I'm almost done with Glory Days.....I'm glad it's the weekend! I've also been doing maintainence on the GTO's. No, he didn't sign my car, and I didn't ask. I didn't want to inconvenience him, as he was busy signing books, etc. He DID sign my protect-o-plate book, the original one theat came with my '65, on the back page next to the VIN and Engine numbers. He wrote a great message, and enjoyed looking at a photo of my car.I showed him a photo of my '67 as well, , but he seemed to prefer the '65!!. I would really enjoy talking to him at length, as he really has "been there done that" with all of the car icons of the '60's that I'm fascinated with. I hope I get the opportunity. I did tell him that I had been wanting to meet him since I got my first GTO, over 30 years ago, and got a huge grin and a hearty handshake in response. As you stated, he's a down to earth and extremely gracious guy.


----------



## Too Many Projects (Nov 15, 2008)

Dang, Jeff, that's too cool...........:cool


----------



## Koppster (Jul 27, 2008)

Very, very cool...wish we had big Pontiac shows in Texas.

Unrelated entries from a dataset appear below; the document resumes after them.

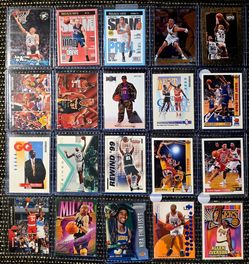 Card Lot NBA Legends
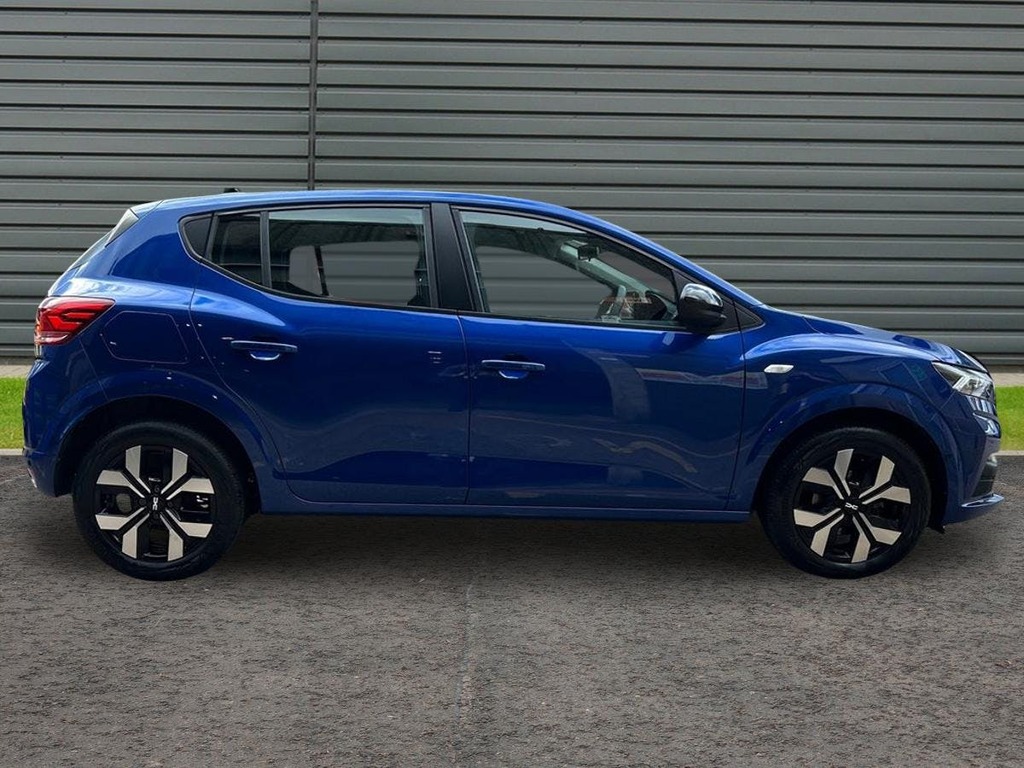 Dacia Sandero 1.0 Tce Journey Hatchback WK74HPY Blue #2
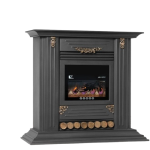 شومینه گازی مشهد دوام مدل 800 سوزان مشکی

Guess all we get is "hot air"! :lol:


----------



## ppurfield001 (Jan 21, 2008)

geeteeohguy said:


> I'm almost done with Glory Days.....I'm glad it's the weekend! I've also been doing maintainence on the GTO's. No, he didn't sign my car, and I didn't ask. I didn't want to inconvenience him, as he was busy signing books, etc. He DID sign my protect-o-plate book, the original one theat came with my '65, on the back page next to the VIN and Engine numbers. He wrote a great message, and enjoyed looking at a photo of my car.I showed him a photo of my '67 as well, , but he seemed to prefer the '65!!. I would really enjoy talking to him at length, as he really has "been there done that" with all of the car icons of the '60's that I'm fascinated with. I hope I get the opportunity. I did tell him that I had been wanting to meet him since I got my first GTO, over 30 years ago, and got a huge grin and a hearty handshake in response. As you stated, he's a down to earth and extremely gracious guy.


Geeteeohguy, you're right, I read "Glory Days..." about six months before I flew to Florida in Jan. 2008 and bought my 1967 GTO (talk about an "impulse" purchase). Wangers sounds like a great guy. Too bad he doesn't have any sway with GM's leaders today. He, better than anyone, could explain how to market the valuable Pontiac brand. Great story..........


----------



## nturner (Jan 22, 2009)

Jeff: While at the Madera car show I took the sunvisor off and Jim signed it with a personal note that it was a "really nice ragtop". Had a really nice talk with him and as you say he's a really gracious guy. My friend Chuch really enjoyed your company. Where are the photos?


----------



## raspantienator (Nov 20, 2007)

Very cool and you have his sig too.


----------